• Dataset excerpt
━━━━━━━━━━━━━━━━
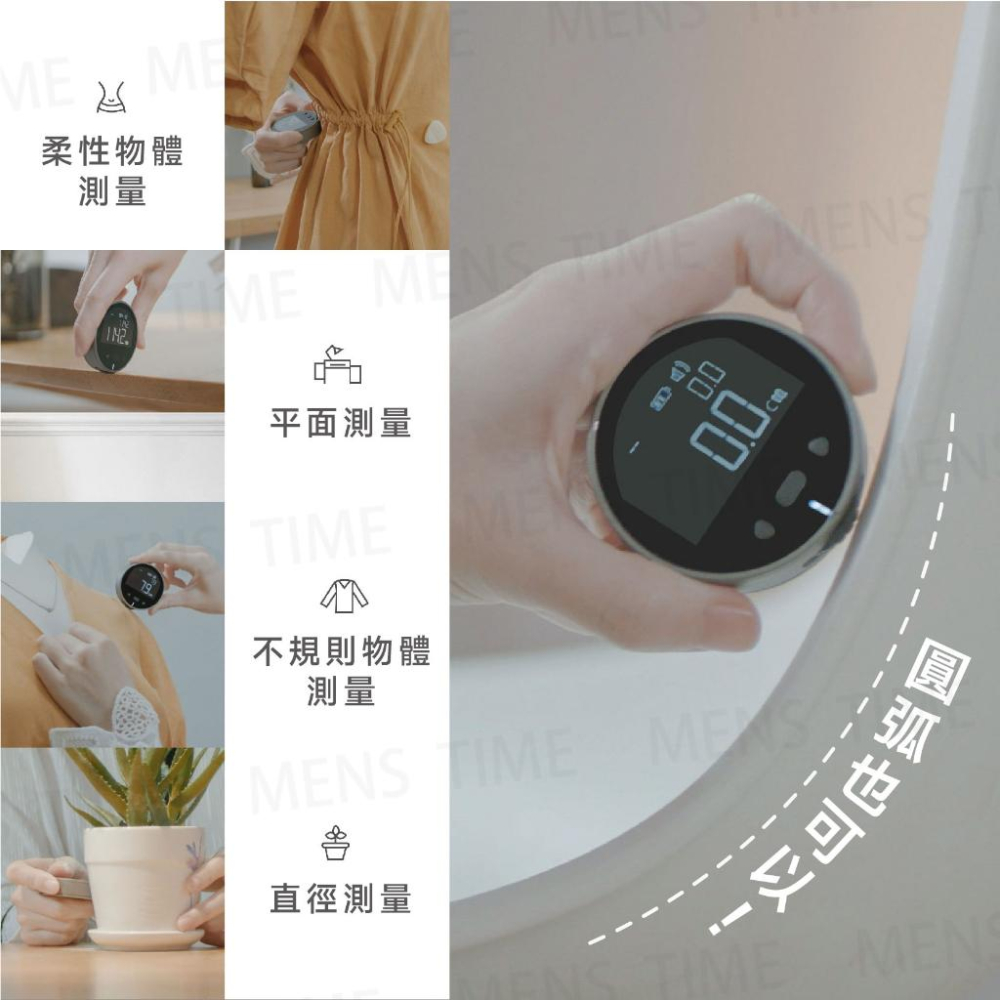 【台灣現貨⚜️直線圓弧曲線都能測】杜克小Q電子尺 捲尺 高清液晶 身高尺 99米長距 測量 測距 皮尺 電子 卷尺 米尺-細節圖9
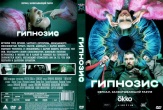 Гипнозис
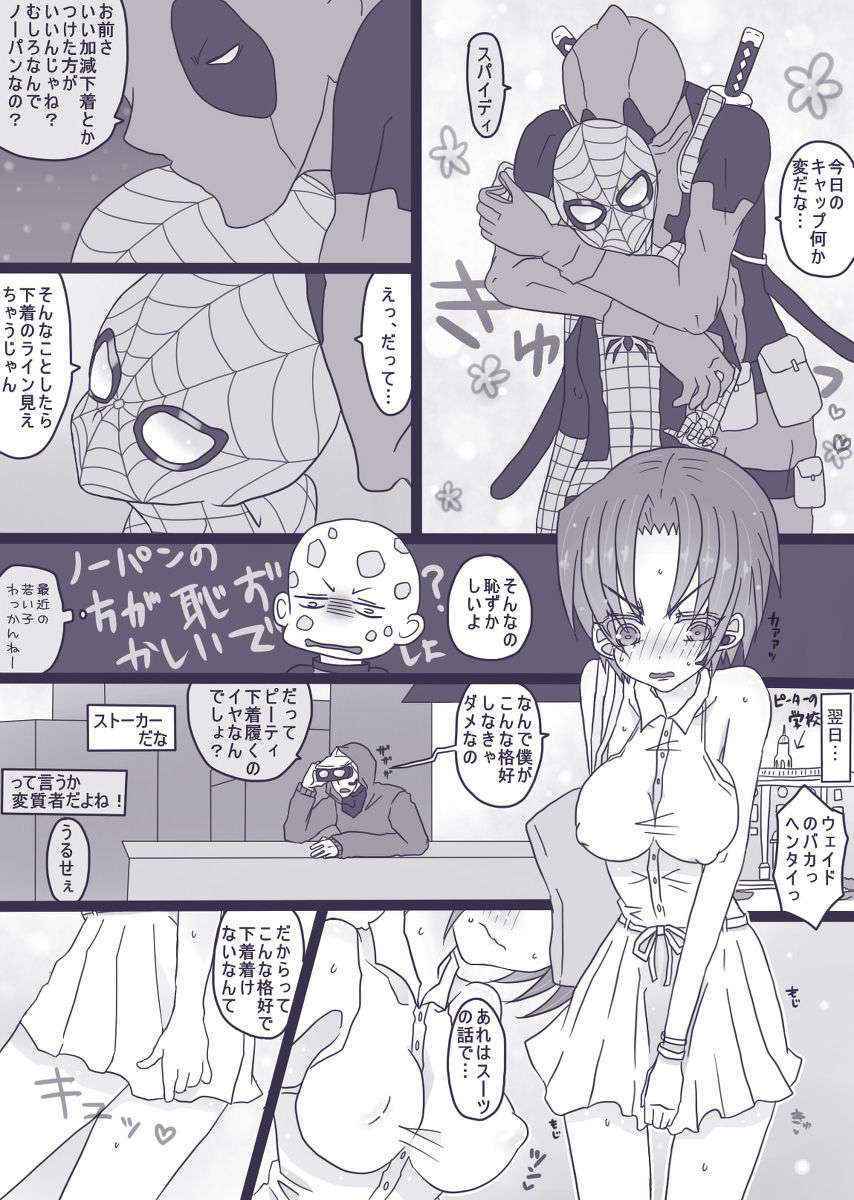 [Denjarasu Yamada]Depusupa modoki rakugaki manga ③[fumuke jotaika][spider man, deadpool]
━━━━━━━━━━━━━━━━
• Directions for this task
Set down all the lines above exactly as they appear, with no pictures.

• Solution to this task
 【台灣現貨⚜️直線圓弧曲線都能測】杜克小Q電子尺 捲尺 高清液晶 身高尺 99米長距 測量 測距 皮尺 電子 卷尺 米尺-細節圖9
 Гипнозис
 [Denjarasu Yamada]Depusupa modoki rakugaki manga ③[fumuke jotaika][spider man, deadpool]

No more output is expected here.